A battery pack captures the energy output of the gas engine, and the electric motor uses that energy to power the vehicle when the gas engine cannot be used efficiently, or when required power cannot be delivered by the gas engine alone.

The gas engine runs on regular gasoline, but it runs only part-time, always in its most efficient range. And it needs to have only one-third to one-half the power and displacement of gas engines powering conventional vehicles. “Fuel efficiency improvements of 50 to 220 percent are possible,” claims David Polletta, Paice vice president of engineering.

Moreover, in smaller Hyperdrive-powered vehicles, there will be no need for a transmission, he adds. It is replaced by a power amplifier that regulates the power applied to the drive wheels, while a charging motor replaces the alternator and starter.

In a large SUV, a small two-speed transmission can be added to meet the full range of trailer-towing requirements.

Here are Hyperdrive’s operating modes:

  • In stop-and-go driving, the electric motor powers the vehicle. The gas engine is turned on only to charge the batteries, and only when needed. The gas engine never runs at idle and is not affected by the vehicle’s stopping or starting.
  • In most highway cruising, the gas engine powers the vehicle directly, without the electric motor. When extra power is needed for passing, the electric motor kicks in. In other hybrids, says Polletta, when the gas engine is powering the vehicle, a portion of its power output is converted to electric energy, resulting in conversion losses.
  • During braking, the electric motor absorbs deceleration energy and provides power to recharge the batteries. These consist of a bank of specifically designed 12-volt lead-acid cells and 48-volt battery modules. To assure safety, the 48-volt modules have an internal self-disconnect, which activates automatically whenever the ignition is off, or in an accident situation.

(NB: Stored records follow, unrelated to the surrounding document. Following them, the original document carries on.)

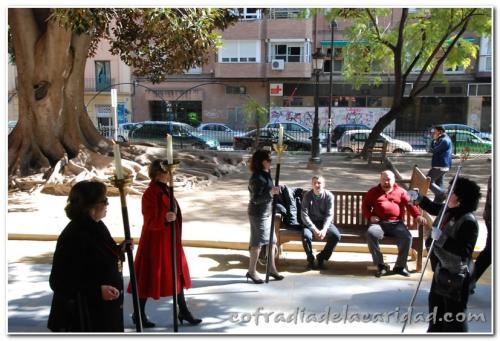 235-Jubileo-de-La-Sangre-2011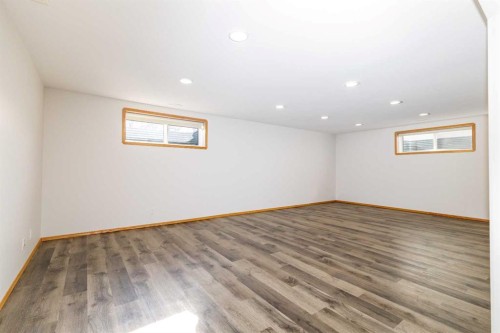 6010 Orr Drive, Red Deer, AB - Indoor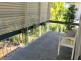 29 Beverley Street, East Mackay QLD 4740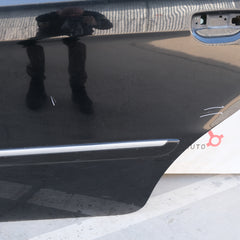 PORTA PORTIERA POSTERIORE SINISTRA LANCIA MUSA 2003/2012 BX60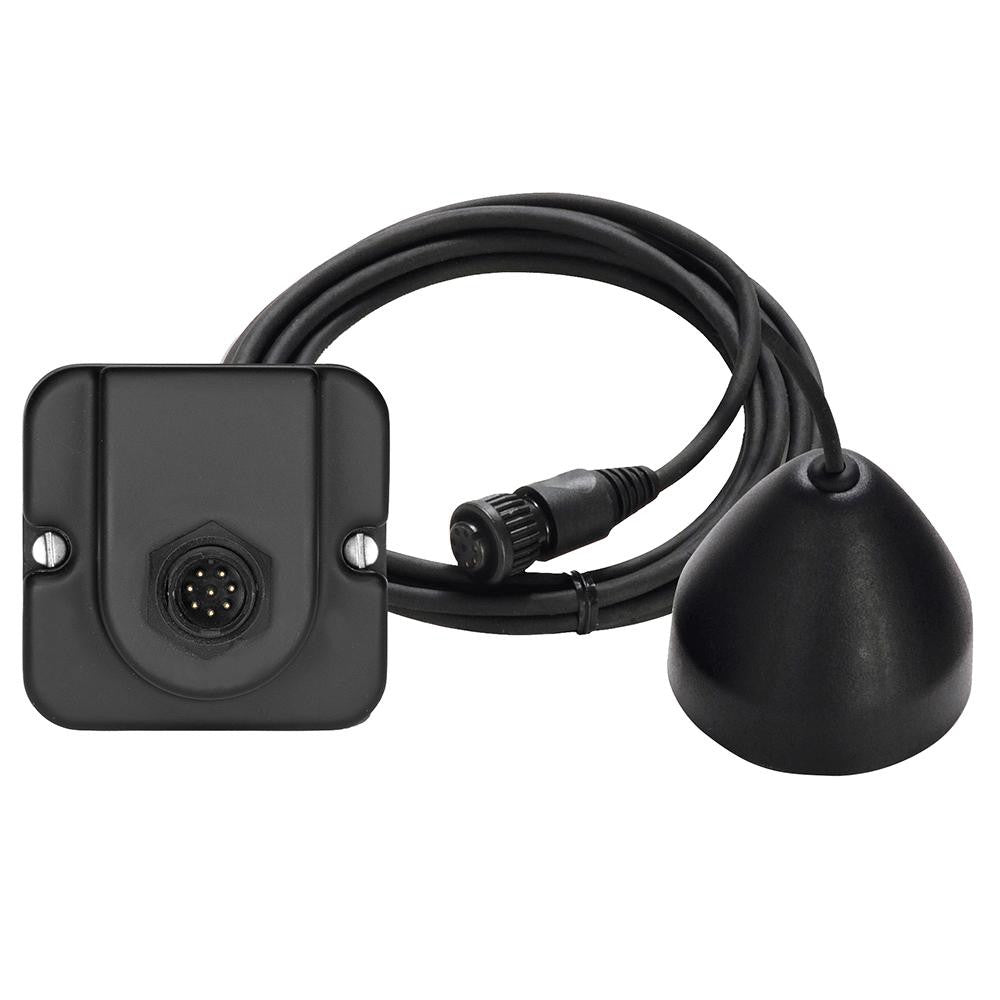 MarCum Sonar Module Ice Ducer f-RT-9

What makes this system believable as a commercial-vehicle powertrain is that, except for the control computer, it uses existing technologies and materials – nothing new, exotic or expensive.

Add to that the fact that Paice’s management includes former executives of Ford and GM, and that a full-scale prototype has already been tested at Roush Industries, and the picture becomes even more credible.

The company is discussing production with OEMs right now and can’t say when Hyperdrive will be a commercial reality. But I’m willing to go out on the limb of a hybrid fruit tree and say three to five years.